=== EXERCISE GOAL ===
After finding "132 Drake Lane, Georgetown, KY 40324" in the material below, output its line and every line after it through the last, exactly, but not the pictures.

─── INFORMATION SHOWN

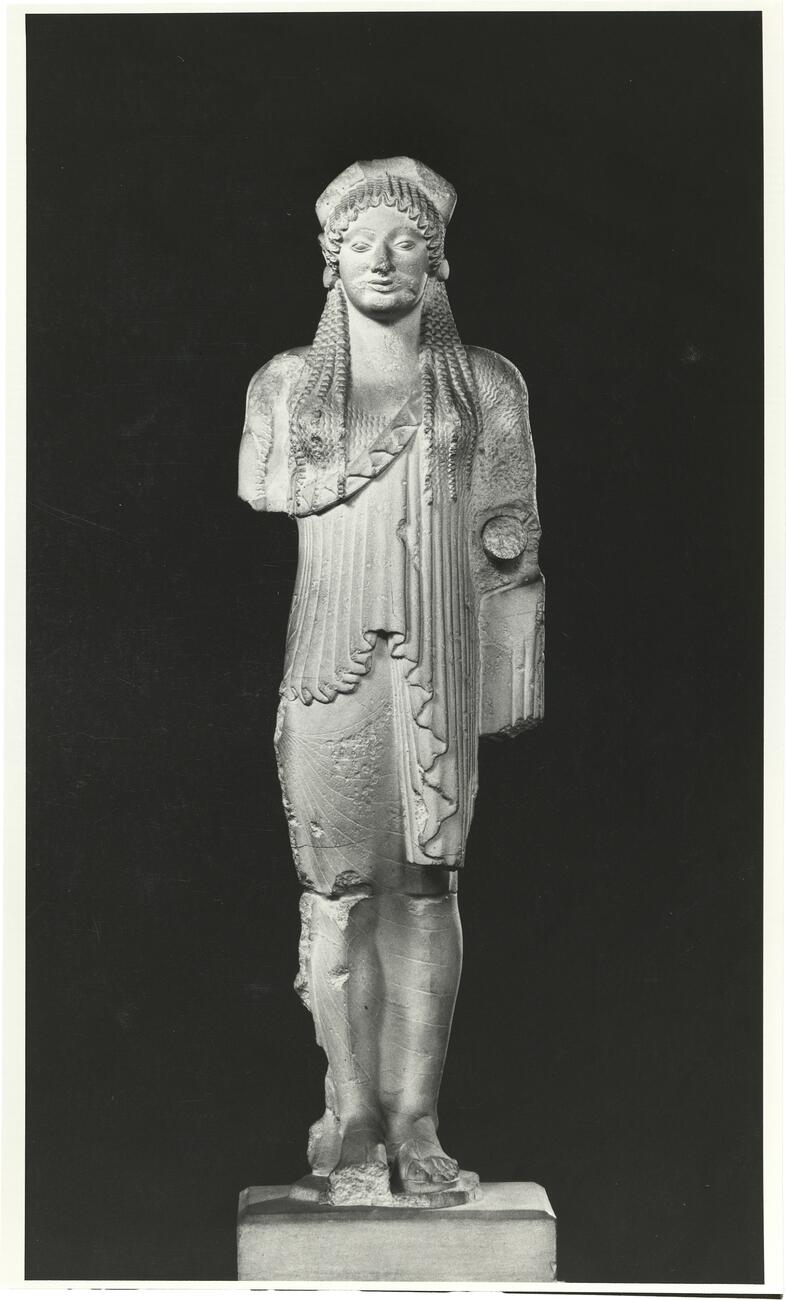 calco di scultura Kore 147 photo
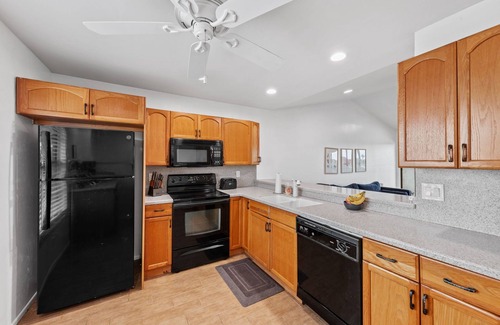 Eight Lakes Condominio | Waterfront Escape in Cape Coral
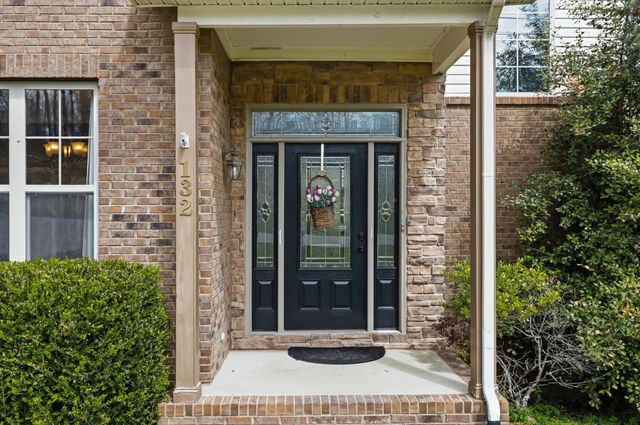 132 Drake Lane, Georgetown, KY 40324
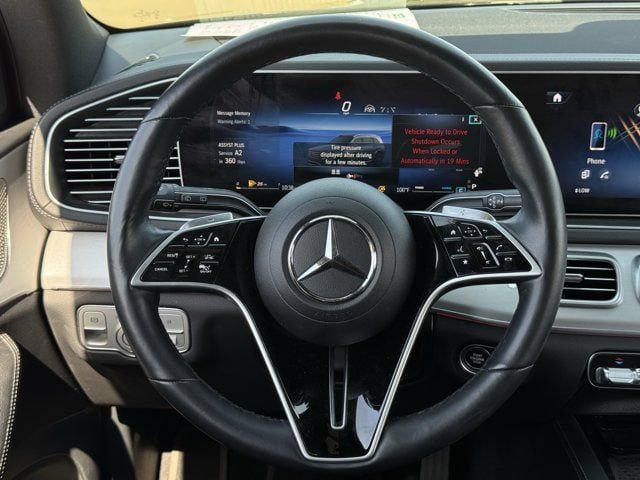 Used 2025 Mercedes-Benz GLS 450 4MATIC image 13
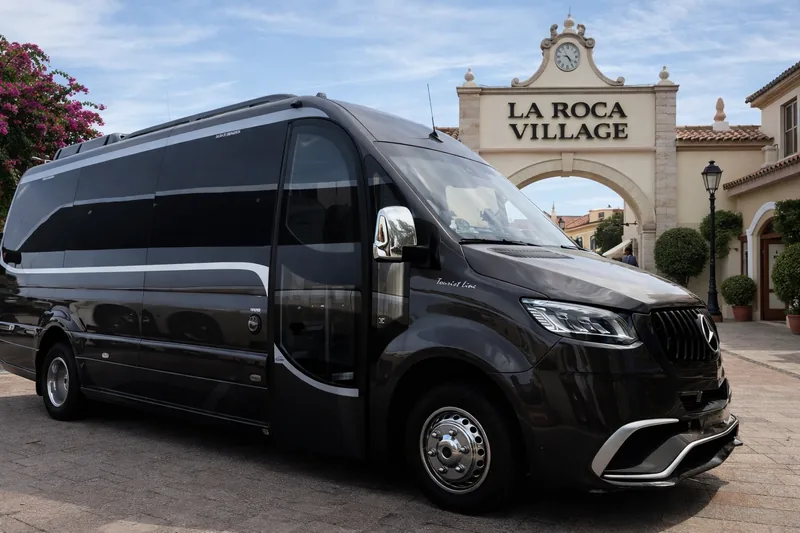 Private chauffeur from Barcelona to La Roca Village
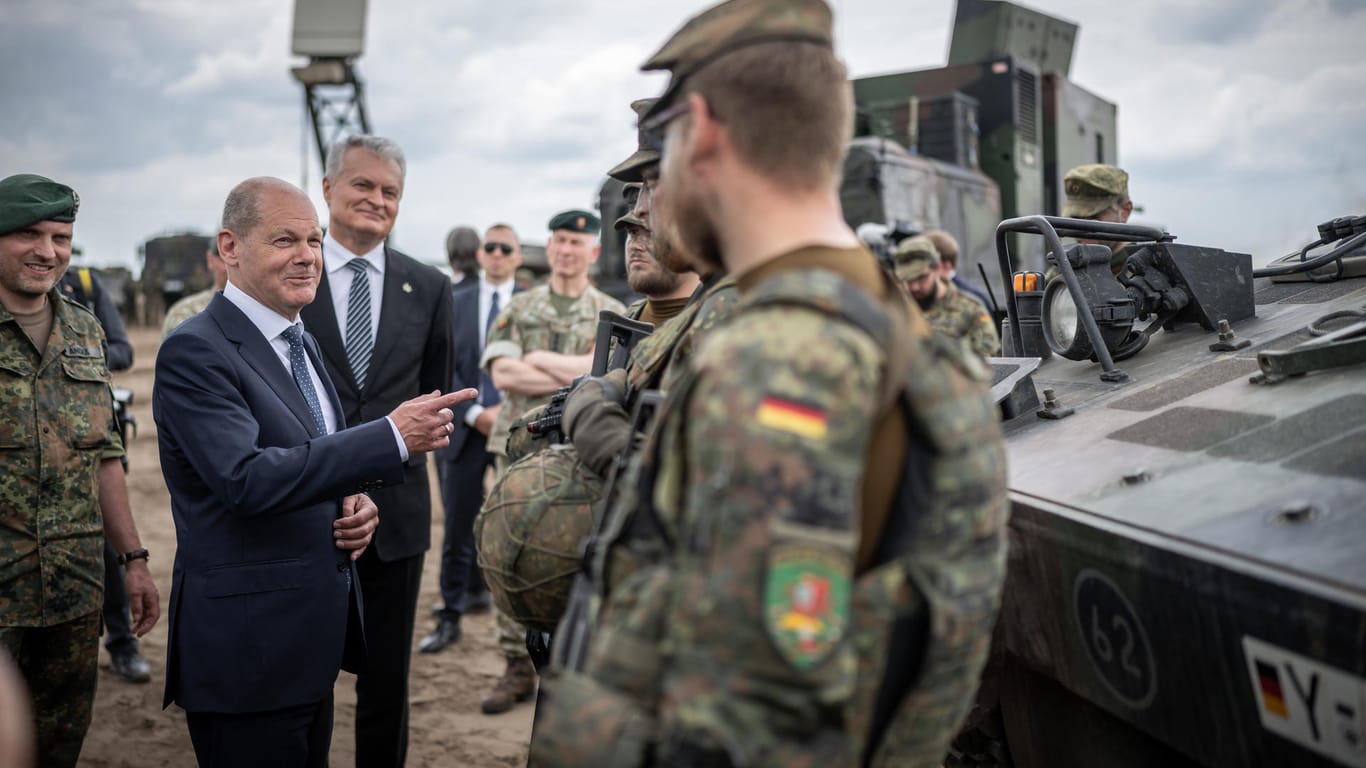 Bundeskanzler Olaf Scholz will die Bundeswehrsoldaten in Litauen aufstocken.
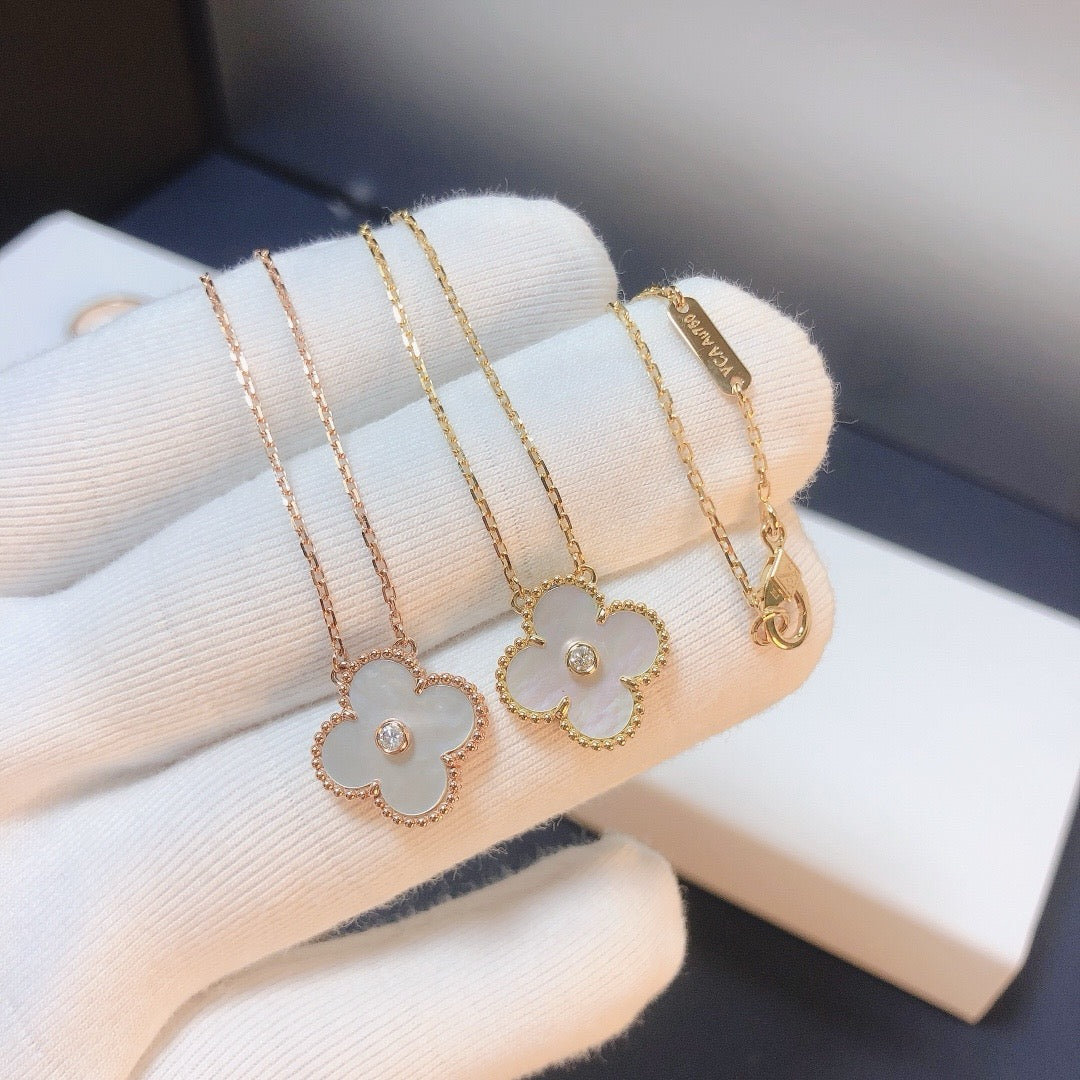 [Dawnora Jewelry]CLOVER 15MM DIAMOND WHITE FRITILLARIA NECKLACE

──────

=== RESPONSE TO THIS TASK ===
 132 Drake Lane, Georgetown, KY 40324
 Used 2025 Mercedes-Benz GLS 450 4MATIC image 13
 Private chauffeur from Barcelona to La Roca Village
 Bundeskanzler Olaf Scholz will die Bundeswehrsoldaten in Litauen aufstocken.
 [Dawnora Jewelry]CLOVER 15MM DIAMOND WHITE FRITILLARIA NECKLACE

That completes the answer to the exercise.